JPMorgan Chase & Co, the second-largest US bank, has slashed its dividend by 87%, a surprise move by a lender considered among the strongest in the U.S. financial sector.
The bank also said it has been 'solidly profitable' this quarter, and that the outlook for the three-month period is 'roughly in line' with analyst forecasts.
JPMorgan said its decision to lower its quarterly dividend to 5 cents per share from 38 cents will save $5 billion of common equity a year. It hopes the lowered payout will help it pay back the $25 billion of capital it got in October from the government's Troubled Asset Relief Programme faster.
'Extraordinary times must call for extraordinary measures,' CEO Jamie Dimon said on a conference call. He said PMorgan was not asked by anybody to cut the payout, but did so out of a 'normal abundance of caution.'
JPMorgan expects in the first quarter to record about $2 billion of credit costs and writedowns at its investment bank, to boost reserves for credit cards and home lending, and to write down about $400m in its private equity business.
It also said earnings expectations are on track from its September purchase of the banking units of failed lender Washington Mutual.
Analysts, on average, expected JPMorgan to post a quarterly profit of 35 cents per share on revenue of $21.96 billion.
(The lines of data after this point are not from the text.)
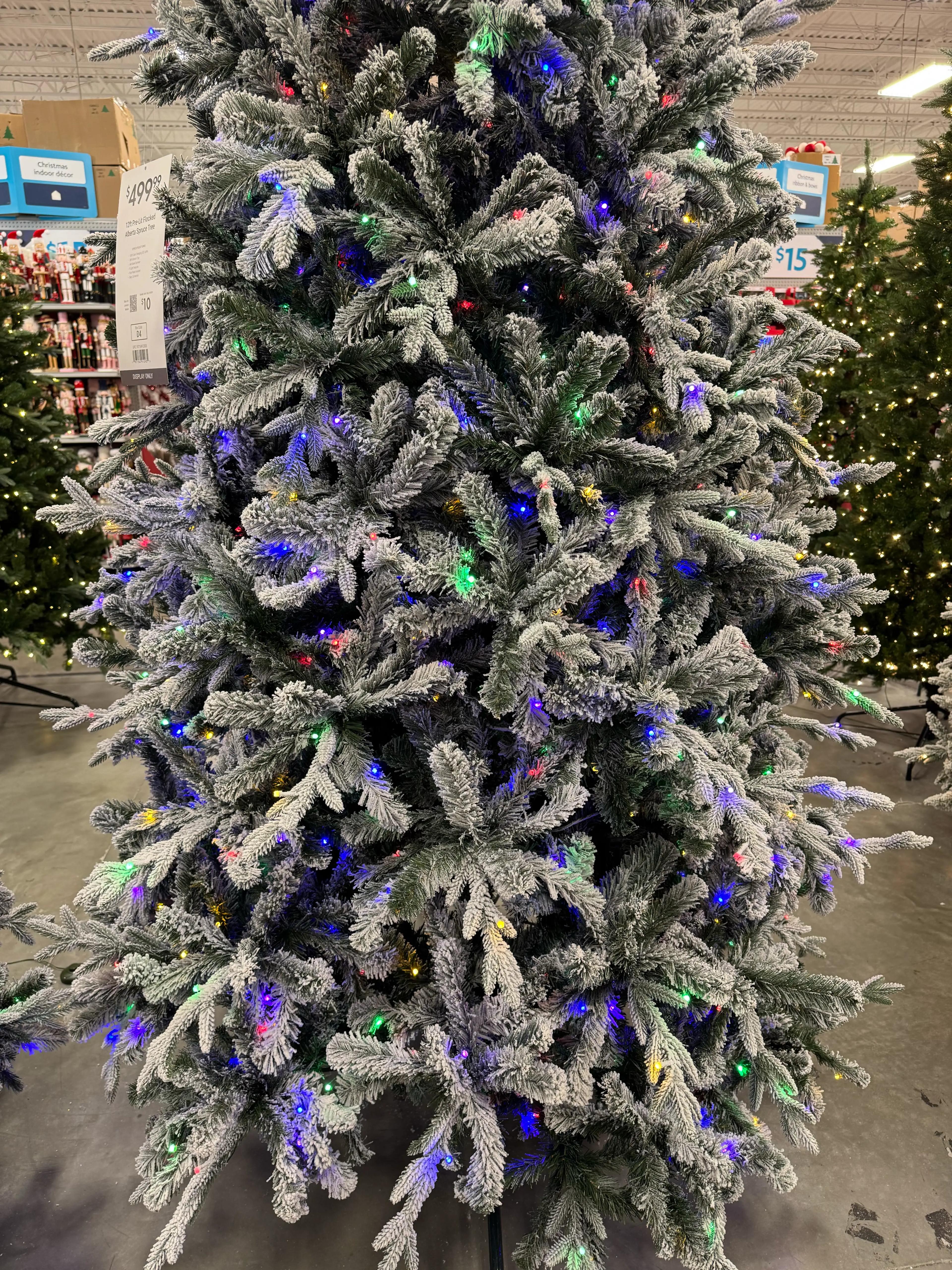 At Home Alberta Spruce - view 5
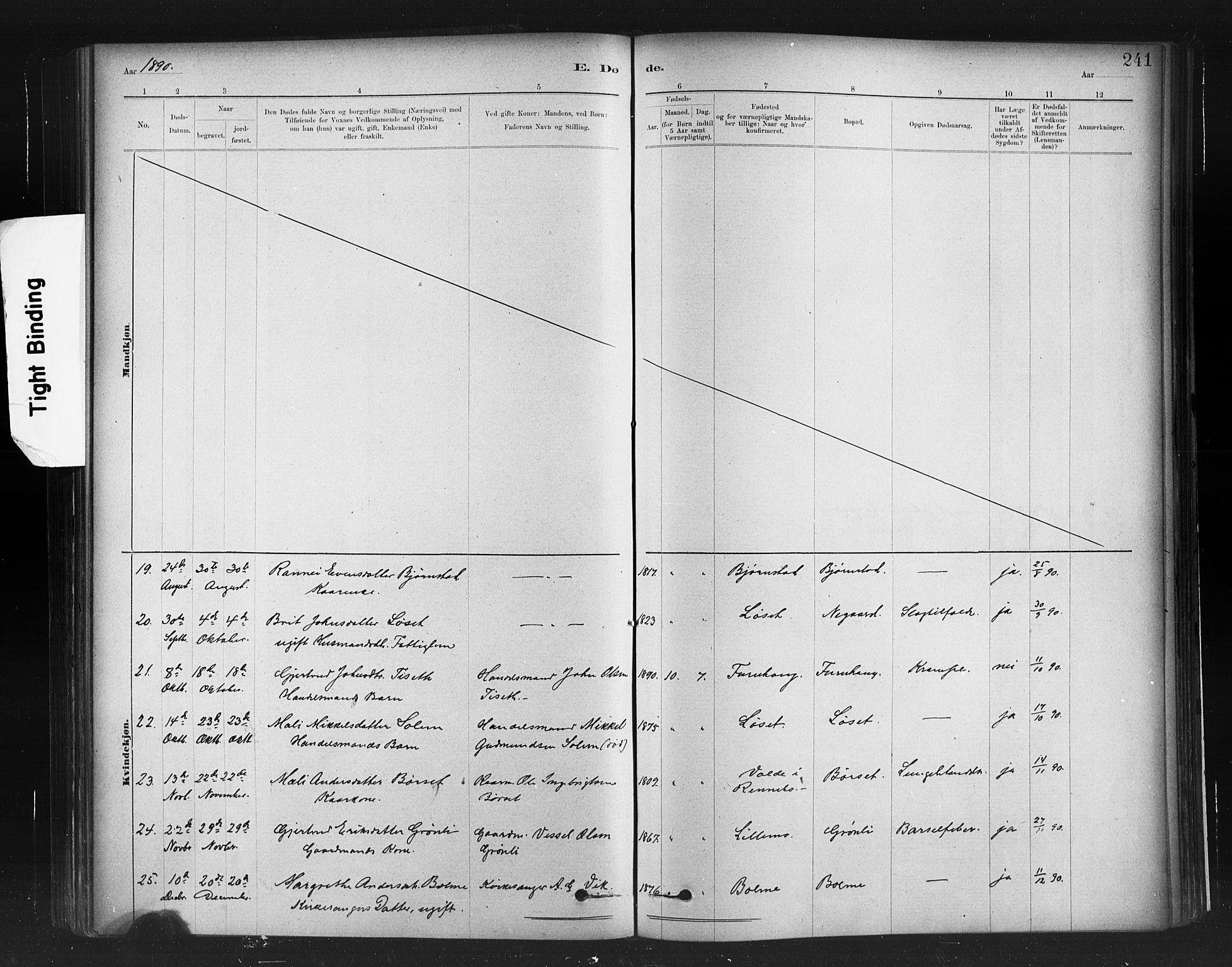 Ministerialprotokoller, klokkerbøker og fødselsregistre - Møre og Romsdal, AV/SAT-A-1454/598/L1069: Parish register (official) no. 598A03, 1882-1895, p. 241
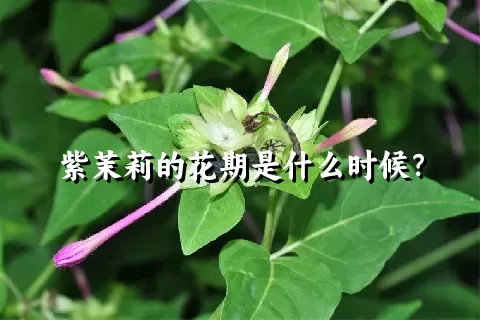 紫茉莉的花期是什么时候？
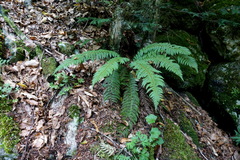 Polystichum aculeatum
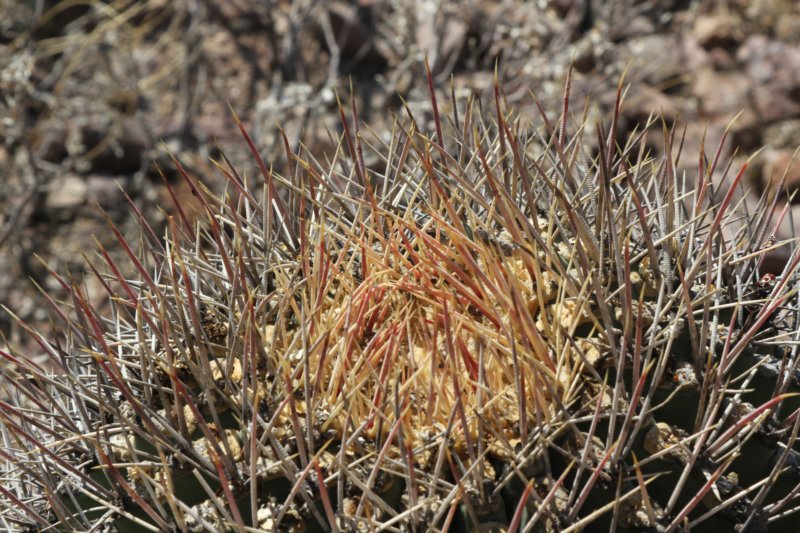 ferocactusemoryi2.jpg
Bank of America and Citigroup, JPMorgan's largest rivals, have slashed their quarterly dividends to a cent per share since November.
Dimon said the dividend cut reflects the potential, not the certainty, for a 'highly stressed environment' of a two-year economic recession where the US unemployment rate rises above 10%, and home prices fall 40% from their peaks.
JPMorgan said it hopes to return to a 'more normalised' dividend when the environment stabilises.